On 16 January 2019, Armed Forces Minister Florence Parly welcomed the inaugural meeting of the Defense Industrial Policy Committee at her ministerial headquarters at the Hôtel de Brienne.
This unprecedented format is part of the reform of the Armed Forces Ministry announced by Parly in July 2018, when she kicked off the transformation plan of the Directorate General of Armament (DGA) defense procurement agency.
Chaired by the Minister and bringing together defense manufactures, managers of SMEs and start-ups, the Director-General for Armaments Joël Barre and representatives of the DGA and the Directorate-General for Business Firms of the Ministry of Economics, this committee aims to set the course of the French defense industrial policy.
This committee, which will meet at least twice a year, will allow free and direct exchanges between the various actors and will integrate defense industrial policy in the overall industrial policy of the State.
Florence Parly recalled that the defense industry has two objectives: helping to protect France by meeting the needs of the Armed Forces; and help protect employment through ever-increasing industrial activity.

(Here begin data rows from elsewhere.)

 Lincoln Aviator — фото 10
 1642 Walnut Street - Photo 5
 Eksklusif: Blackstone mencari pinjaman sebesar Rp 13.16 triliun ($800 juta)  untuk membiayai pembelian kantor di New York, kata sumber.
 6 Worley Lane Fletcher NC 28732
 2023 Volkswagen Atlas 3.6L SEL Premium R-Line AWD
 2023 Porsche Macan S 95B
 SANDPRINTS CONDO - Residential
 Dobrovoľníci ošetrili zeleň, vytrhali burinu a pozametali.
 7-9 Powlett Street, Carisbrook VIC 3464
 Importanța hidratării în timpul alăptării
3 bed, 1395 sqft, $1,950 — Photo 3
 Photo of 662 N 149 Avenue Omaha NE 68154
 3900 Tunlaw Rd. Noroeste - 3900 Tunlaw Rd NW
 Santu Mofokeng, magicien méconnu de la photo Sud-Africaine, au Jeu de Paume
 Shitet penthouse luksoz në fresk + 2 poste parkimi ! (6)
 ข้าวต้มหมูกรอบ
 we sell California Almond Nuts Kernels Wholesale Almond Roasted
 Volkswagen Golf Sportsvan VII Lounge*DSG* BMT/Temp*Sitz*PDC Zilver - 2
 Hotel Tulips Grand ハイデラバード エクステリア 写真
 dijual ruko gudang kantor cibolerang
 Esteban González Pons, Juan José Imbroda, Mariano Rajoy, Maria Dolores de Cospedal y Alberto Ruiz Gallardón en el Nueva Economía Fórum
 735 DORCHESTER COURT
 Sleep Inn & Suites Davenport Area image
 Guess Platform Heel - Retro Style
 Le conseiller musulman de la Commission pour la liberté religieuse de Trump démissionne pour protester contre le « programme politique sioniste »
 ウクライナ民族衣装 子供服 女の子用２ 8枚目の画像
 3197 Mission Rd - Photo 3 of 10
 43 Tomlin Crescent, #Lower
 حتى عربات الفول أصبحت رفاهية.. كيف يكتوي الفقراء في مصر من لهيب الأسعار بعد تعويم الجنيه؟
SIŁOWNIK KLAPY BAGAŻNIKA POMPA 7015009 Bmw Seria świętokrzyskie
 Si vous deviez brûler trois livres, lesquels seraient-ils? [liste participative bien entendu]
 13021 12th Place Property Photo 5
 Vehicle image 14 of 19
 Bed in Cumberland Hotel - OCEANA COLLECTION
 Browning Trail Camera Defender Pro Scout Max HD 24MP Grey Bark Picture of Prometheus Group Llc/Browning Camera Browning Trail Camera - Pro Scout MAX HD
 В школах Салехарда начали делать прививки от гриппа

At the meeting, the minister delivered the five foundations of her industrial policy:
-- Invest in the defense industry and buy new weapons (thanks, in particular, to the exceptional increase in funding by 2025, permitted by the 2019-2025 military program law);
-- Support the companies of the defense industry to export;
-- Consolidate the defense industry at the European level around concrete projects and cooperation (the Future Fighter Plane or the Future Battle Tank projects are examples);
-- Encourage innovation and protect SMEs (setting up the Defense Innovation Agency and the Definvest Investment Fund);
-- Intervene in the life of companies as either regulator or shareholder (for example by specific action initiatives, reinforced by the law PACTE).
The minister said that the mechanisms put in place to give the defense industries more flexibility and allow them to win new markets are not without reciprocity. She recalled the need for manufacturers to respect deadlines and costs in defense programs: “the State is a demanding customer, who must pay the right price and be able to audit its costs,” she said.
Finally, the minister urged defense manufacturers to work with the ministry to attract talent and to take part in the fight for cybersecurity by adopting irreproachable "cyber hygiene" habits.